Our Accessory Dwelling update is up for a final vote on Monday. You can read my last post for a recap of how the ordinance has evolved over the past year, links to the staff reports for the most accurate information, and my thoughts. We continue to take public comments over email and virtually or in person on Monday.

Finally – with the wet weather today, I’m moving my walking office hours as part of the Falls Church Fitness Challenge to Friday, April 25, 9 am and 12 pm. I am still holding office hours today at 12 pm, but moving them indoors to Preservation Biscuit Company if you’d like to come by and chat about any of these topics or others. If you haven’t started your fitness challenge, it’s not too late – we could all use some movement and mental health boost!

Take care,
Letty

What Happened This Week:

(1) Regional Perspectives

We invited two regional bodies Metropolitan Washington Council of Governments (MWCOG) and Northern Virginia Regional Commission (NVRC) to discuss the latest info on the regional impact of the federal workforce changes, and this was before the tariffs chaos. This is important context for us as we deliberate on the budget and keep in mind impacts to employment and local economy and the risks to city revenues and projects or programs funded by federal grants.

You can see the full presentations here (MWCOG and NVRC), with these takeaways:

16% of the city and region’s workforce are federal workers, who are either impacted or threatened. This doesn’t include contractors or fed adjacent workers. Unemployment data is currently lagging and incomplete, which makes it hard to understand real time impact (hot off the presses data says the NoVA unemployment rate jumped up 7% in Feb). Available jobs posted have also dramatically decreased as private companies pull back. Finally, there is a large skill mismatch between federal workers and available jobs, making it harder for an impacted federal worker to easily find new employment.

What are we doing about this? I am in regular communication with my counterparts in the region and our federal delegation, so that we are sharing and coordinating response strategies, including joint advocacy for our residents and providing input on testimony on the General Assembly’s special emergency committees that are underway right now. We also are increasing safety net funding, knowing that we’ll have more residents who will need housing, rent, or other emergency assistance. The city continues to update available resources on the city website.
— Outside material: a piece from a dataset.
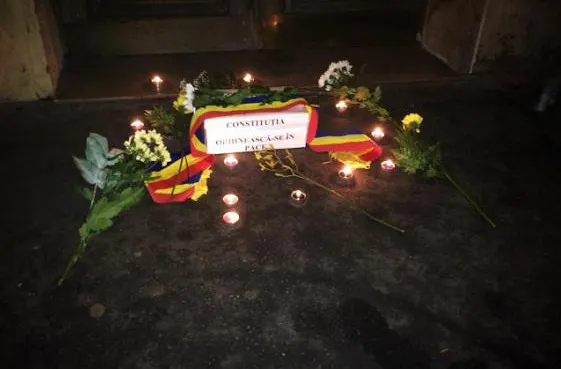 REZULTATE ALEGERI PREZIDENŢIALE FRANŢA. Film EMOŢIONANT la COADĂ la Ambasada României din Paris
(2) Capital Improvements Program (CIP)

The CIP contains the large capital infrastructure projects that are over $150K with a useful life of 5+ years. In total, the 6 year CIP is about $148M, with 1/3 for general and school projects, 1/3 for transportation, and the remaining for sewer and stormwater projects. 1/3 of CIP projects are grant funded (with about $12M in federal grants) and the rest funded with a combination of debt and cash. We spent a long time discussing the projects underway and upcoming that use federal grants. The good news is that staff reports that so far, we have had no loss of federal dollars impacting CIP projects, although we remain cautious.This presentation is a good summary with the full CIP available on the budget website. Some key areas I probed into:

  • Maintenance costs – I’d like to see maintenance costs better factored into the decision making for CIP projects. This is something I’ve asked for years. Often time, maintaining the new park or school will cost more money and that should be planned for in our operating budgets.
  • School capacity – it’s notable there are no school capacity projects in the CIP at all. That’s because the schools project having enough capacity until 2045 (see page 220 of the schools budget)! That’s notable given how much investment we had put in school capacity with the expansion of Mt Daniel in 2018 and the new Meridian High School in 2021.
  • Transportation safety, pedestrian improvements, traffic calming, paving have been top priorities of the community so I expect we’ll further discuss the funding for those initiatives.

(3) Solid Waste Funding Options

This week, we revisited the solid waste topic that has been a long-standing issue that we last discussed in October. I encourage you to read that post and this week’s staff presentation to get up to speed. I’ll share some key FAQs that I’ve been fielding:

Q: How do we pay for trash and recycling now?
A: Everyone who pays city taxes helps pay for trash because it’s built into the annual city tax base of single family homes, townhomes, condos, apartments, commercial buildings, etc. It costs $950K annually, with about 2/3 of the cost going towards the contract and labor and the remainder for tipping fees, ie how much waste we actually produce.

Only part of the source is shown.